News Reel with War Scenes Shown at Theater

19-year-old Helena Muffly wrote exactly 100 years ago today: 

Friday, November 6, 1914:  <<no entry>>

Source: Milton Evening Standard (September 23, 1914)
Source: Milton Evening Standard (September 23, 1914)

Her middle-aged granddaughter’s comments 100 years later:

Since Grandma didn’t write anything a hundred years ago today, I thought that you might enjoy an article in Grandma’s local paper, the Milton Evening Standard, about the showing of a news reel about the War at the local theater.

(I should have posted this back in September. Somehow I lost track of it then, but decided that is still worth posting—even if it is a little late.)

10 thoughts on “News Reel with War Scenes Shown at Theater

  1. The report of the war news reel reads like it’s just some Hollywood movie instead of real life suffering of people and animals – how fascinating. Then it goes on to also describe another film – a comedy that you can catch too! I guess it speaks to the novelty of moving pictures at the time and the distance of the war. You always find such interesting things for your blog!

  2. I just barely remember newsreels from my early days at the movies. They were nearly gone by that time, since television was gaining popularity (we got our first tv when I was about six). But they still would show them from time to time, and there were television programs that used old newsreels, like the famous “You Were There” series.

    1. I faintly remember them, too. Now we get coming attraction promos and a clip telling us to go get some food.

      If we remember these things, are we old now? 👴

  3. How very sad that such pain still goes on. It is especially interesting that the article continues, after describing such tragedy, to describe what seems to be light movie fare.

    I do remember newsreels as part of every movie show (usually plus a double feature.)They dealt, of course, with WWII which WWI was expected to prevent. I remember especially, though, singing “When Johnny Comes Marching Home” in response to the moving dots on the screen. Our heroic part in WWII was about to end and we celebrated it — often with tears.

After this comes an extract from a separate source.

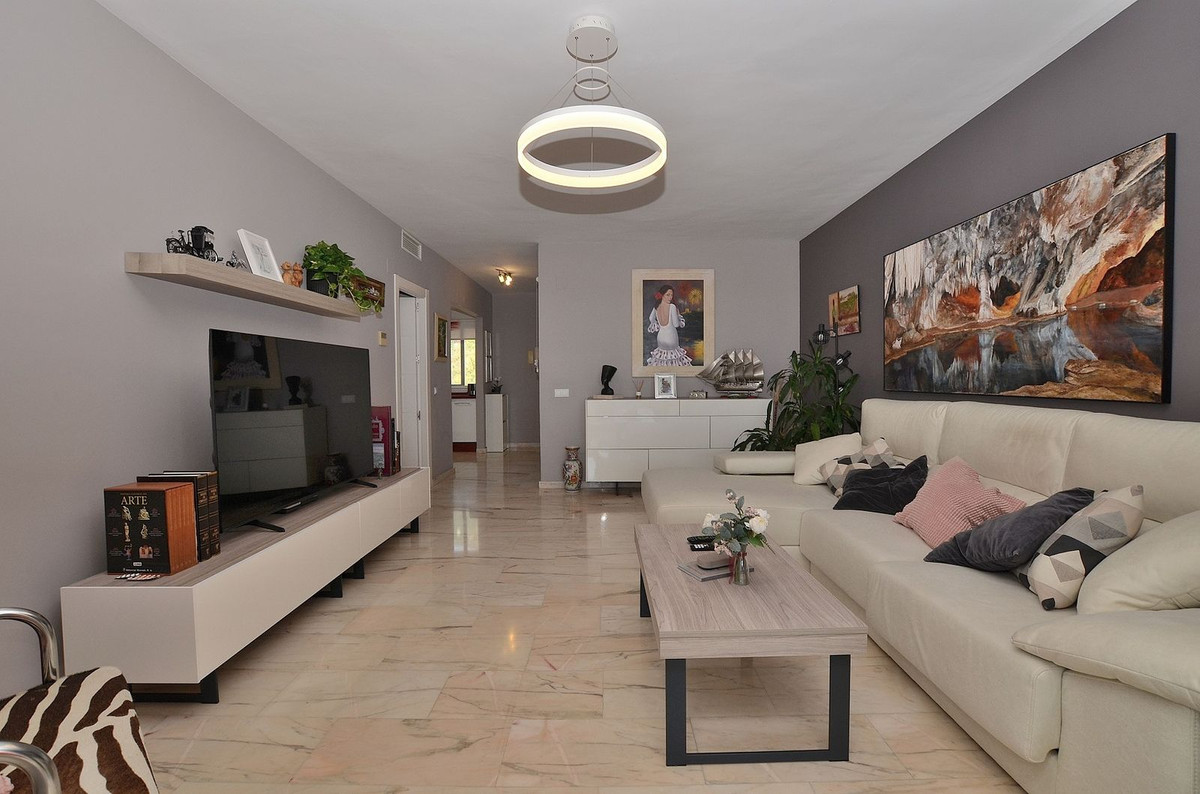 3 Bed Apartment for sale in Benalmadena Pueblo Costa Del Sol, Málaga, Spain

  4. When Teddy Roosevelt and the Rough Riders went off to Cuba for the Spanish American War, it was described as something of a lark. No movies then. Even in WW I, movies were crude and brief, giving audiences only a taste of what modern warfare was really like. In that one, new inventions gave war a whole new dimension, most prominently the machine gun, poison gas, and developments in artillery, hence trench warfare. It was truly hell on earth.

    I just saw a clip on yesterday’s evening news about a memorial set up in London to honor their dead on this centennial of “the war to end all wars.” Britain lost many more men than any other allied country. An artist fashioned ceramic red poppies, one for each of the some 880,000 dead soldiers, and placed them in the great moat surrounding the tower of London. The sight is stunning, giving the numbers real meaning. How ironic is it then that the current U.S. president, who never served in the military, has ended two wars and received almost no political credit for it?

    1. Thanks so much for this entry, and especially for the final point. Maybe we’ll recognize it after he leaves office — a major part of his legacy. Right now too many people are dedicated to defeating him no matter what.